→ **What the exercise asks**: Transcribe every entry exactly, leaving out any pictures.

§

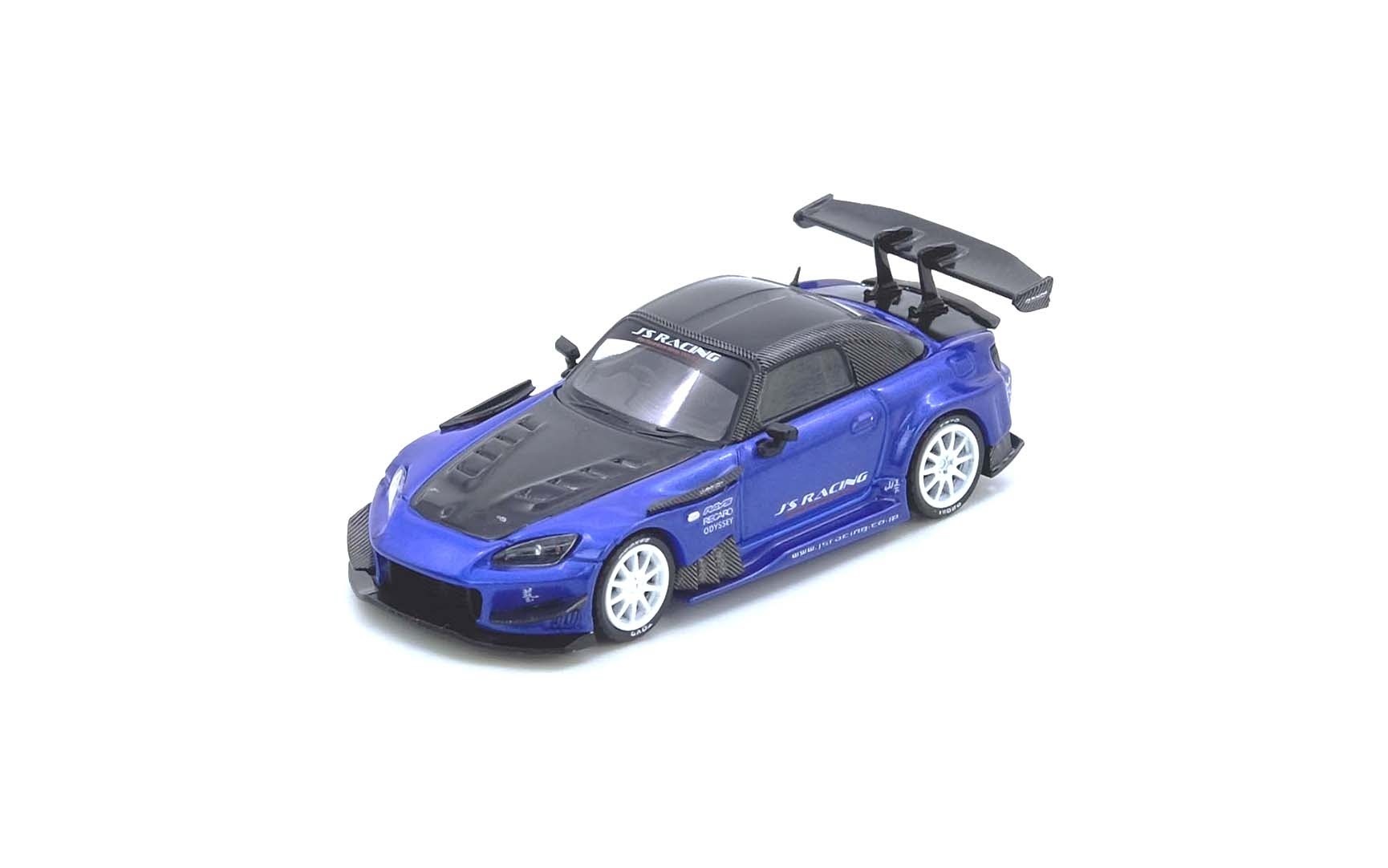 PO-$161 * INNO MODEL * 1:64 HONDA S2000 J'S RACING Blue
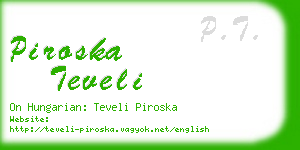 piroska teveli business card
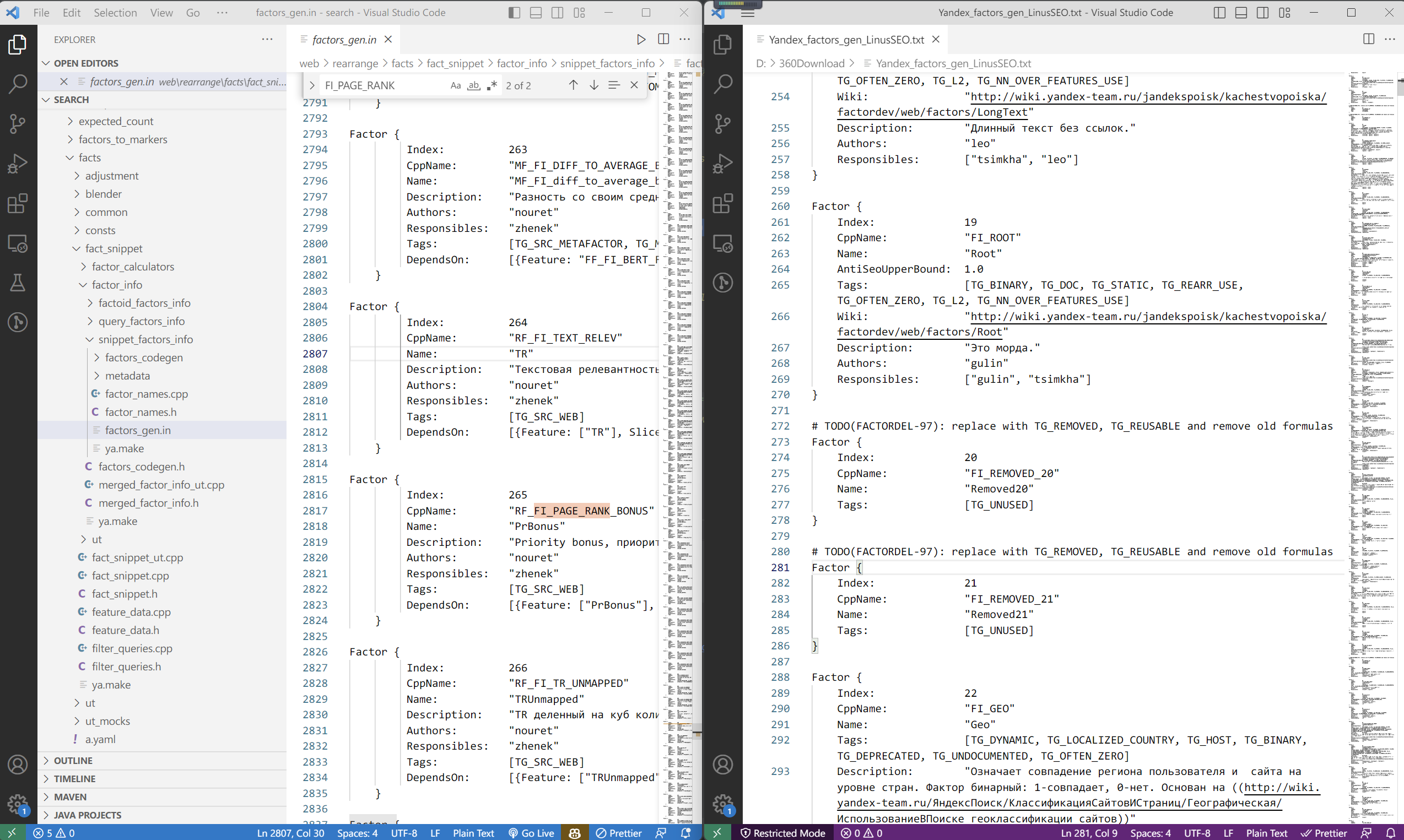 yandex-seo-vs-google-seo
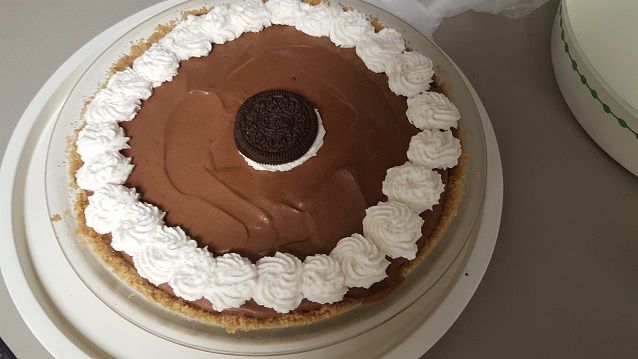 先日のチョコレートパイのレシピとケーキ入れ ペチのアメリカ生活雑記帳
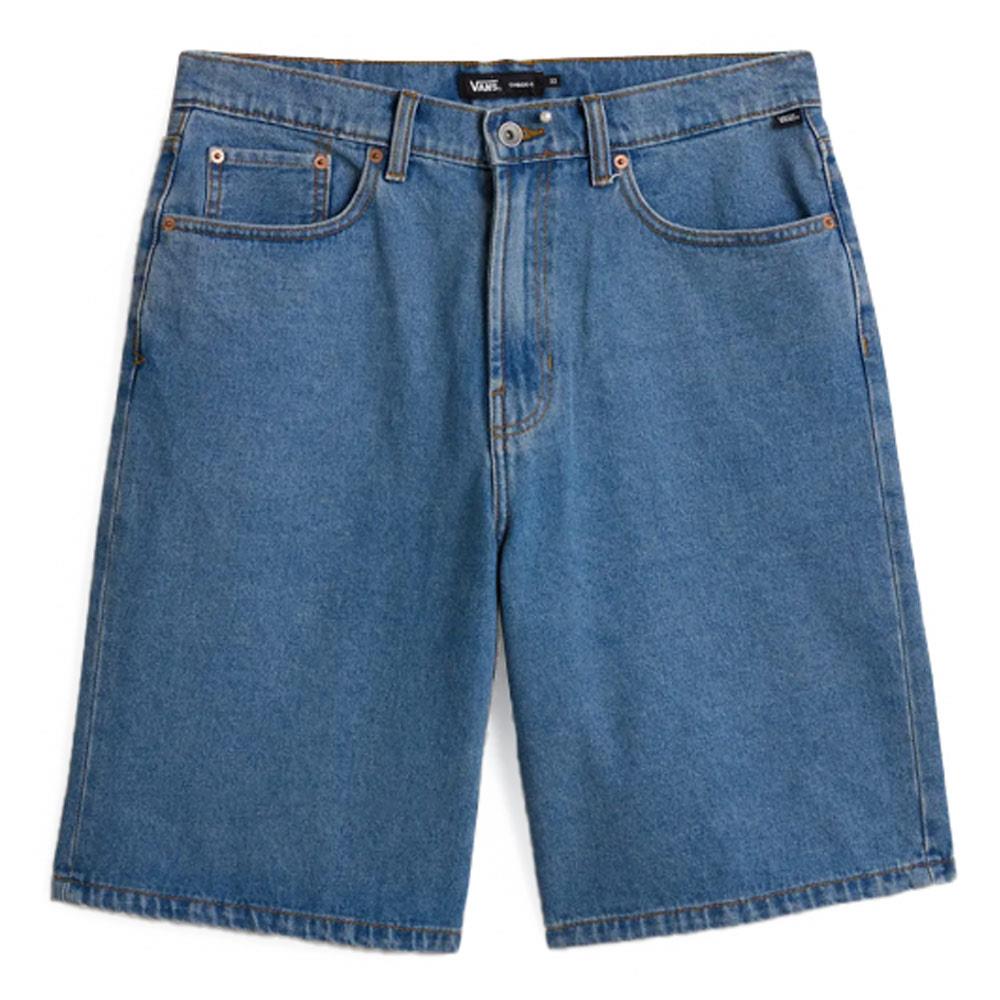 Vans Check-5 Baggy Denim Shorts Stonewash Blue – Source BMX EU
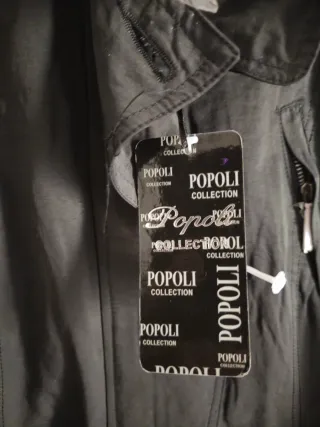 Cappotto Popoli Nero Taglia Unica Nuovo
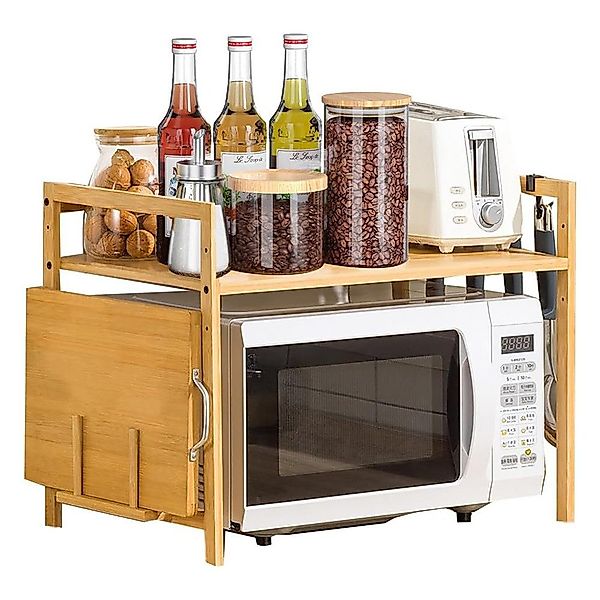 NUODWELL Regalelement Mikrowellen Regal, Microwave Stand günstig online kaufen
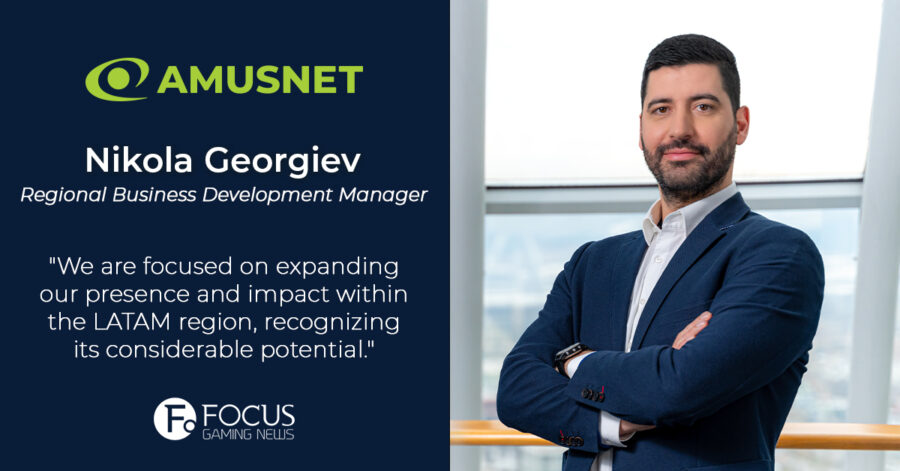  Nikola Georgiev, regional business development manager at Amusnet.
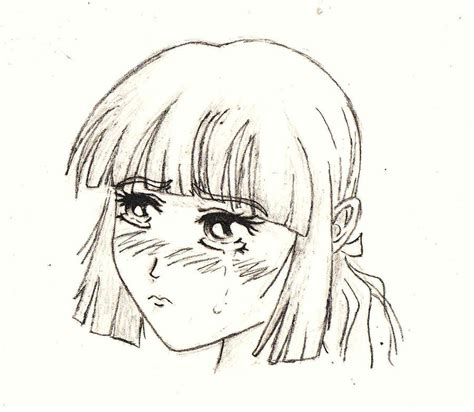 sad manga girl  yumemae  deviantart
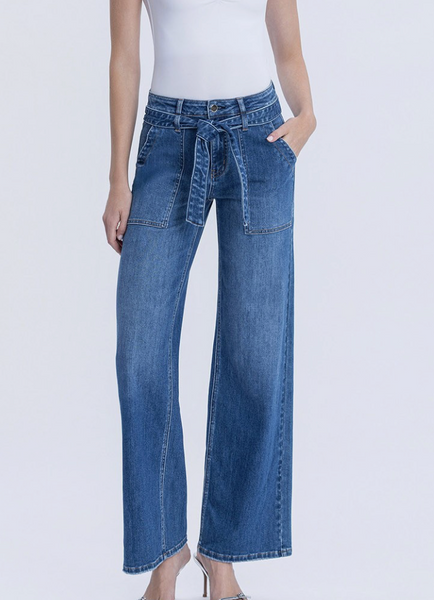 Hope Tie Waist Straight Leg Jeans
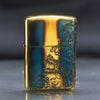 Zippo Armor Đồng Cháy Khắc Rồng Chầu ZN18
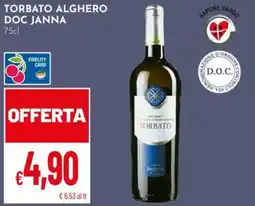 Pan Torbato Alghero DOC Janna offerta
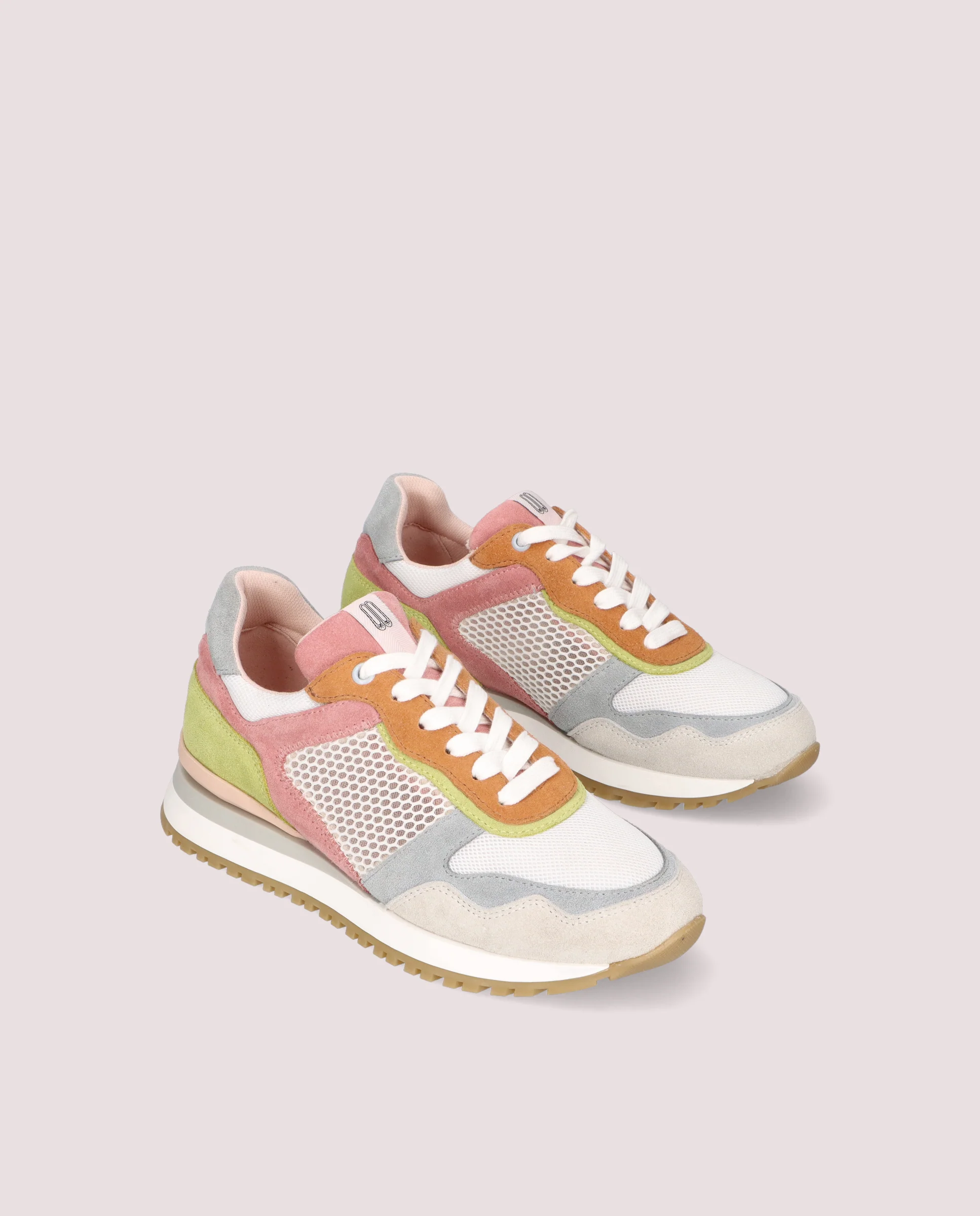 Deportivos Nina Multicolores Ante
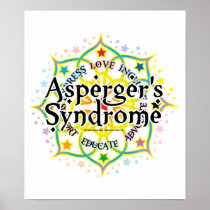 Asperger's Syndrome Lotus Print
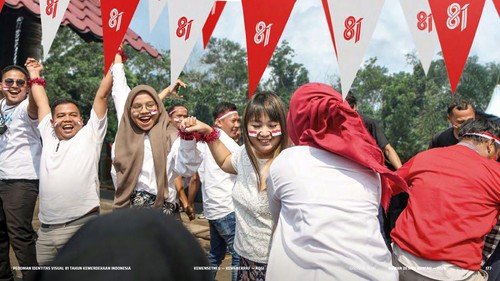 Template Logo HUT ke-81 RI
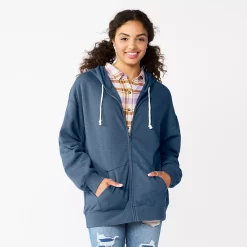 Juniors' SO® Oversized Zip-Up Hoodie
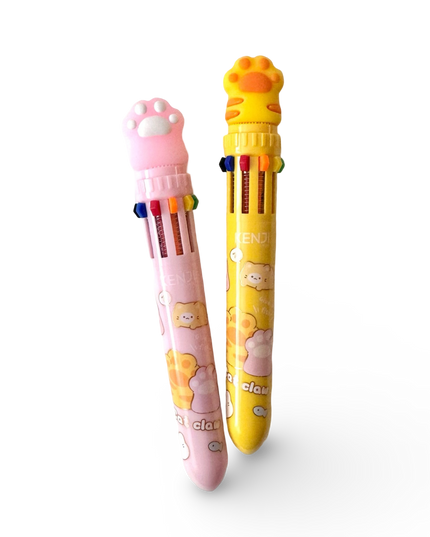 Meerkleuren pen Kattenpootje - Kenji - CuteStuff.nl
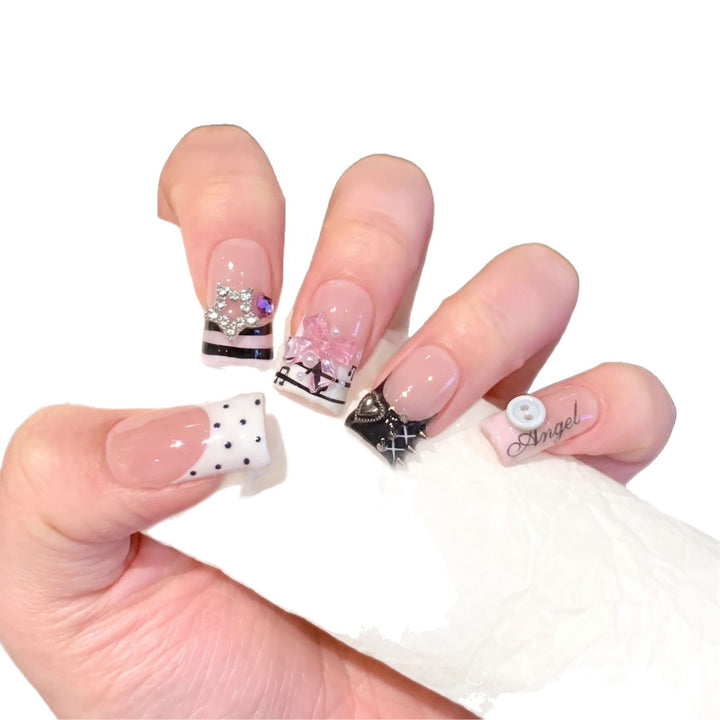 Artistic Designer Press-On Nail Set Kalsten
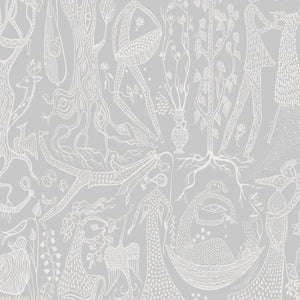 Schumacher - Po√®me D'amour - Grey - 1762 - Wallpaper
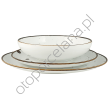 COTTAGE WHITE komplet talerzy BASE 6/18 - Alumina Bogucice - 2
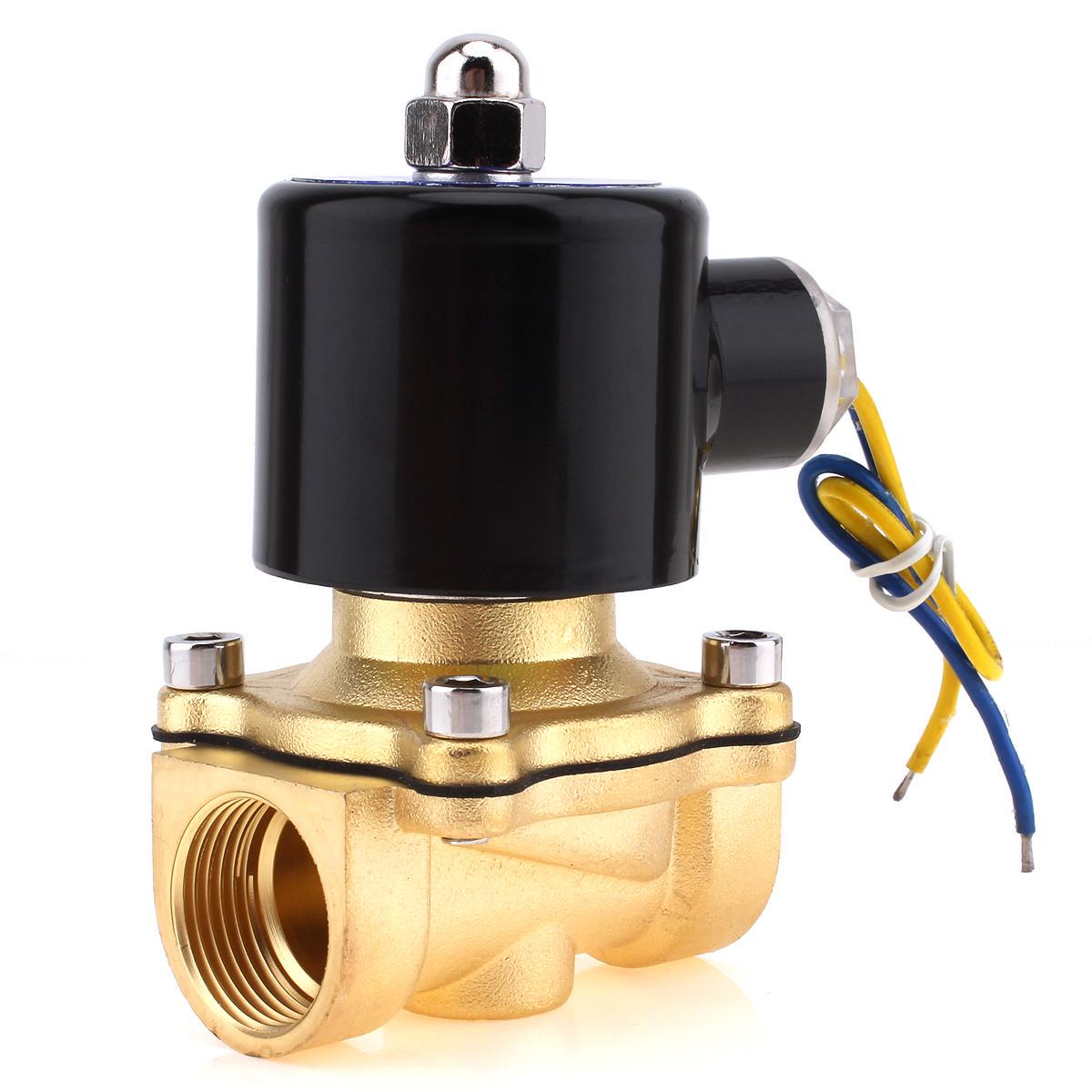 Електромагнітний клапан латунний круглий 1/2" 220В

§

→ **Task response**:
 PO-$161 * INNO MODEL * 1:64 HONDA S2000 J'S RACING Blue
 piroska teveli business card
 yandex-seo-vs-google-seo
 先日のチョコレートパイのレシピとケーキ入れ ペチのアメリカ生活雑記帳
 Vans Check-5 Baggy Denim Shorts Stonewash Blue – Source BMX EU
 Cappotto Popoli Nero Taglia Unica Nuovo
 NUODWELL Regalelement Mikrowellen Regal, Microwave Stand günstig online kaufen
  Nikola Georgiev, regional business development manager at Amusnet.
 sad manga girl  yumemae  deviantart
 Hope Tie Waist Straight Leg Jeans
 Zippo Armor Đồng Cháy Khắc Rồng Chầu ZN18
 Pan Torbato Alghero DOC Janna offerta
 Deportivos Nina Multicolores Ante
 Asperger's Syndrome Lotus Print
 Template Logo HUT ke-81 RI
 Juniors' SO® Oversized Zip-Up Hoodie
 Meerkleuren pen Kattenpootje - Kenji - CuteStuff.nl
 Artistic Designer Press-On Nail Set Kalsten
 Schumacher - Po√®me D'amour - Grey - 1762 - Wallpaper
 COTTAGE WHITE komplet talerzy BASE 6/18 - Alumina Bogucice - 2
 Електромагнітний клапан латунний круглий 1/2" 220В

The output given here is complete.